**Records supplied**
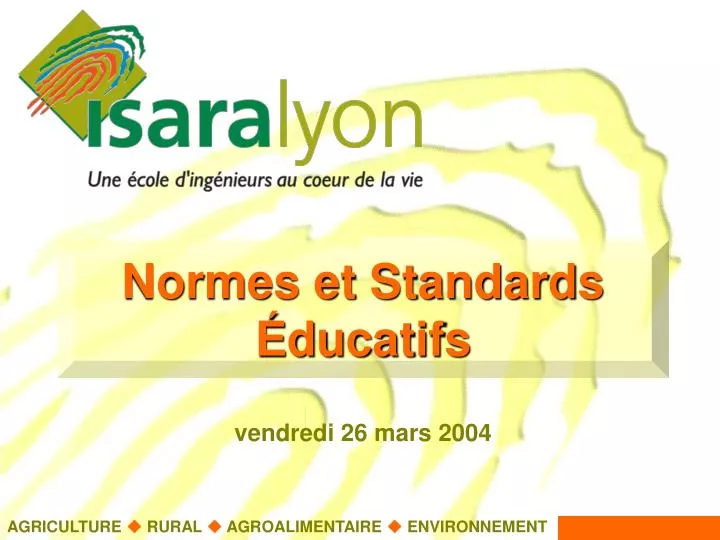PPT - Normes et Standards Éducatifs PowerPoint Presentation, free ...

* * *

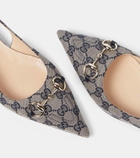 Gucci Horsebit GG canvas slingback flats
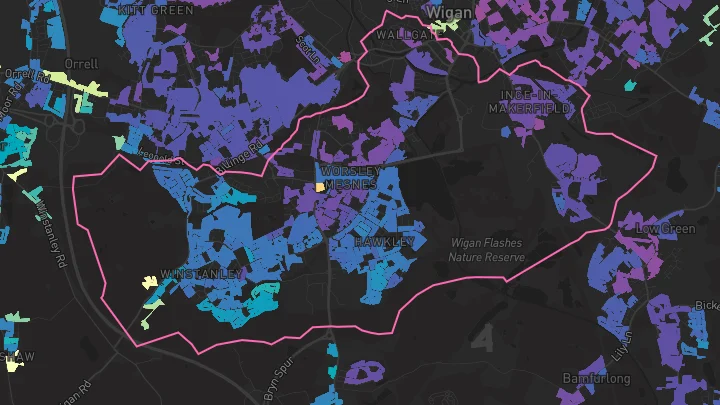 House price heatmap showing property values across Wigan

**Task objective**
Going by the entries above, repeat exactly the lines that start at the line with "Gucci Horsebit GG canvas slingback flats" and go on through the line with "House price heatmap". Pictures are not part of the copy.

**Your response**
 Gucci Horsebit GG canvas slingback flats
 House price heatmap showing property values across Wigan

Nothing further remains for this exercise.